Jeff nodded understanding. “I guess all those years at Princeton pretty much depleted the family savings.”

“That money came from my grandparents,” Will said defensively. “On my mother’s side,” he added unnecessarily.

“Lucky you.”

“I was really sorry to hear about your mom,” Will said after another moment’s pause.

“Don’t be.”

“Ellie says the cancer’s very aggressive, that she only has a few months left at best.”

“Yeah, well. These things happen. Not much you can do.”

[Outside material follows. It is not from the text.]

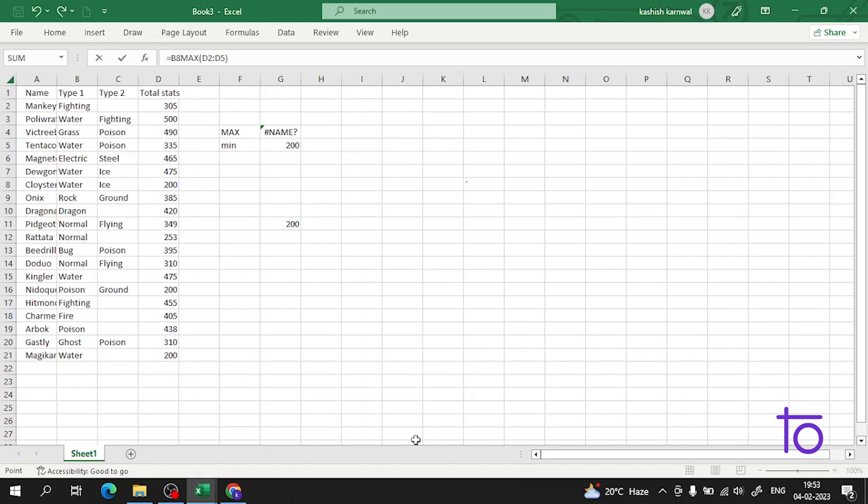I have done this to show you how errors work in Excel. Just like in Python, errors exist in Excel too. For more practice, let me create some data here.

“You could go home,” Will pressed, “see her before she dies.”

“No. I can’t do that.”

“Ellie says she’s been asking for you.”

“My sister’s quite the chatterbox. I didn’t realize you two were so close.”

“She’s
my
sister, too,” Will said.

“Half sister,” Jeff corrected sharply. “She ask you to say something to me about this? Is that what you’re doing here?”

“She asked me to mention it, yes. But no, that’s not why I’m here.”

“Just why
are
you here?”

“I missed you,” Will replied simply. “You’re my brother.”

“Half brother,” Jeff corrected a second time. This time his voice was flat, like a dull blade.

“I’d been going through a difficult time,” Will said, deciding to throw caution to the wind. Maybe if he took him into his confidence, Jeff would be more inclined to take him into his. “There was this girl I was tutoring at Princeton. Amy . . .”

“Amy?” Jeff made himself comfortable in the oversize beige leather chair, leaning forward, his elbows resting on his thighs, steam rising from the coffee mug in his hands, only partly obscuring the smile on his lips.

“She was in first year. I was tutoring her in logic. We hit it off. One thing led to another. . . .”

“You fucked her,” Jeff said.

“Jesus, Jeff. Is that all you ever think about?”

“Pretty much.”

“There’s more to a relationship than that.”

“You didn’t fuck her.”

“I didn’t say that.”

“Did you or didn’t you?”

“Yes, I . . . I did.”

“Well, thank God for that. So, what was the problem?”

“There wasn’t one. Not that I knew of anyway. We were pretty solid for most of the year, and then suddenly, she broke it off. She wouldn’t give me a reason. I kept calling her, trying to talk to her, you know, to find out what I’d done wrong.”